I am trying to display the single total count of all messages for the current day that have the same values for a single field. I had a previous search that did just that and displayed it against the total messages but there is a question on the counts, so I need to display the single duplicate count to overcome any uncertainty.
source="/msg.stats/tcp/999" | where message_type="Log" | eventstats count as total | eventstats count as duplicates by log_id| stats count(eval(duplicates>1)) as no_duplicates values(total) as total | eval dupPercentage=no_duplicates/total*100
I thought this was working but a team member disputes the dupe stats as being too high. I assumed a simple search to display dupes would clear this up.

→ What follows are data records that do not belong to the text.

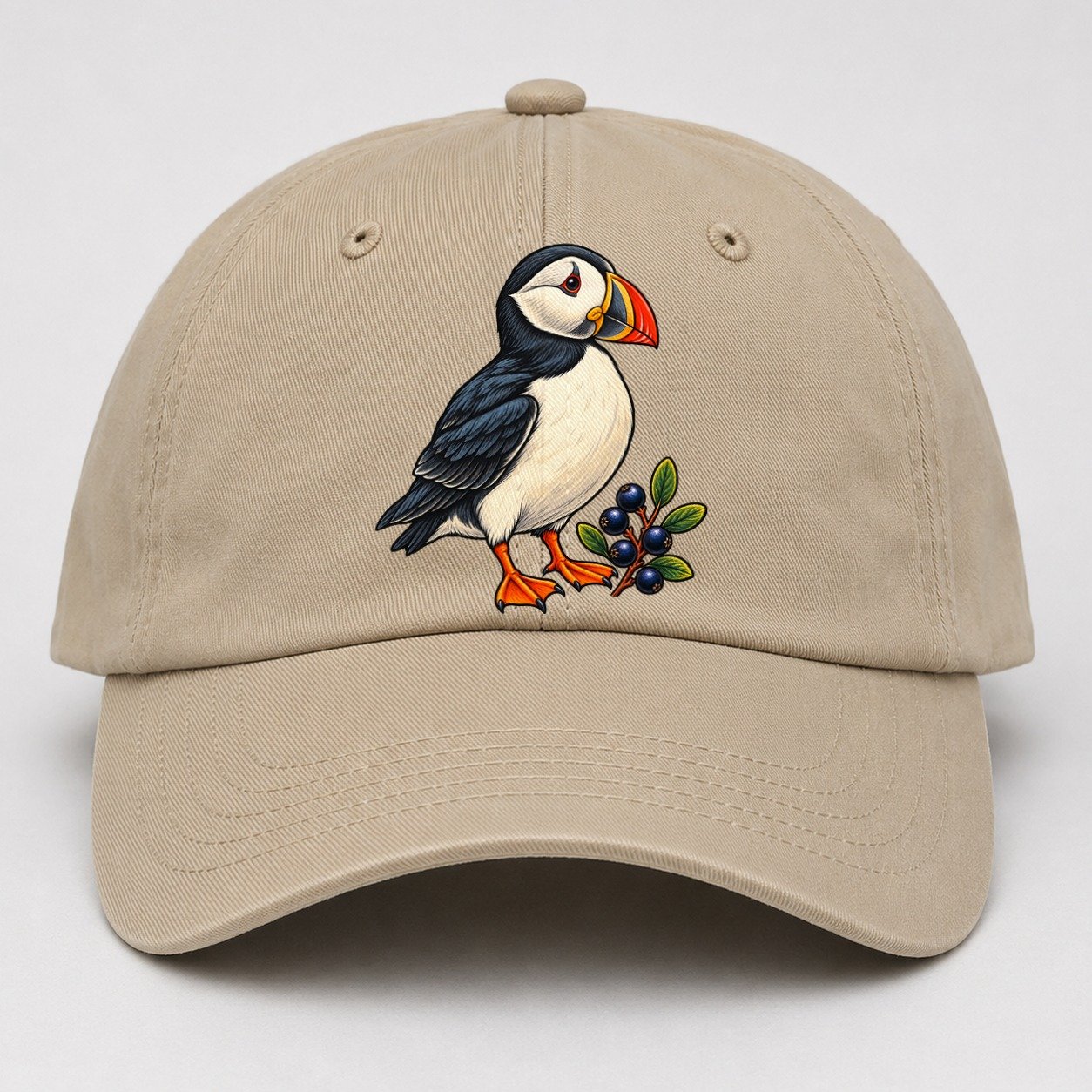 Atlantic Puffin And Crowberry Canada Cultural Icons Baseball Cap – Khaki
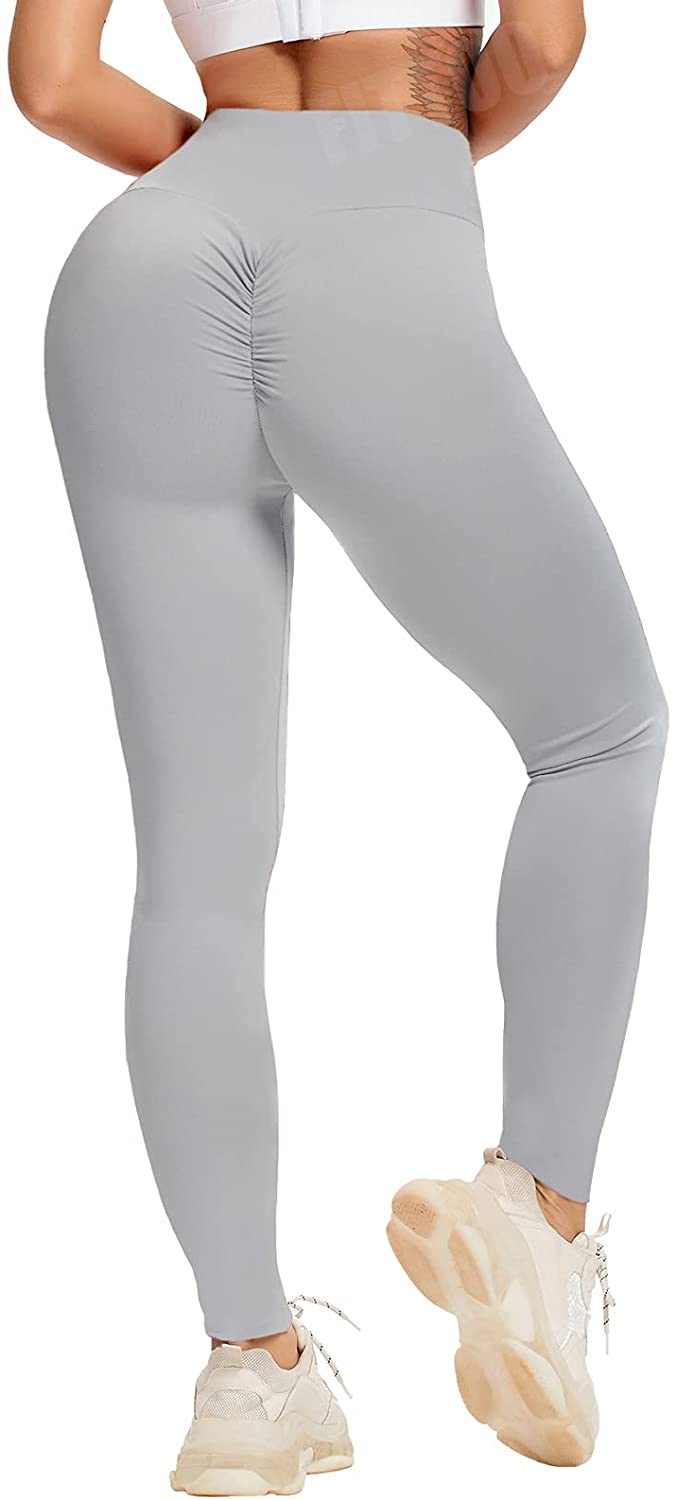 Price:$7.99 Women's High Waisted Bottom Scrunch Leggings Ruched Yoga Pants Push up Butt Lift Trousers Workout Tights at Amazon Women’s Clothing store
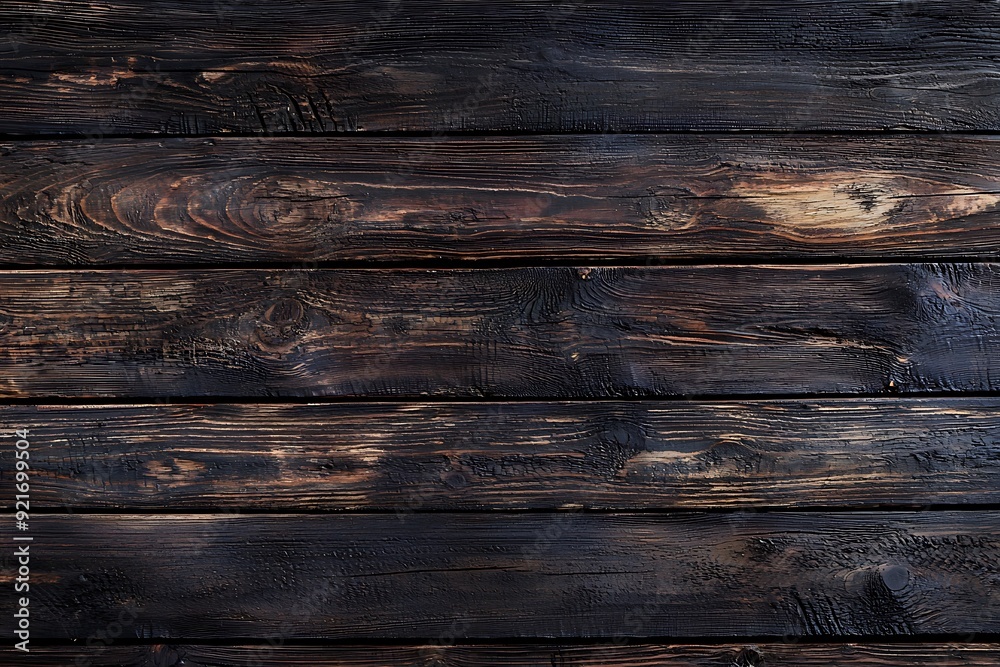 Rustic Dark Wood Background With Knots And Texture.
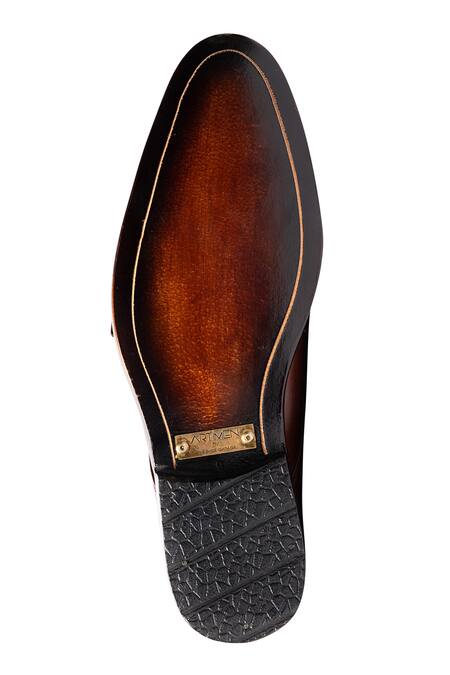 Buy Artimen Brown Plain Handcrafted Brogue Double Monks Online at Aza Fashions Buy_Artimen_Brown Plain Handcrafted Brogue Double Monks _Online_at_Aza_Fashions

source="/msg.stats/tcp/999" | where message_type="Log" | stats count(eval(log_id>1)) as no_duplicates
I want to make sure that I have the searches correct so I can confidently accept the counts.
Thanks everyone for your response; before I accept an answer, the other query that the panel has that disagrees with the non dupe count my query and most of your queries all produce:
source="/msg.stats/tcp/999" | where message_type="Log" | stats dc(log_id) as UniqueCount
This produces a count of for example 753119 while the non dupe count from the first query and some of the other queries below produces 398320. As you can see a big difference. will dig deeper thanks
Remember, that dc is going to include one copy of each of your duplicate messages as well as the non-duplicated ones.
source="/msg.stats/tcp/999" message_type="Log"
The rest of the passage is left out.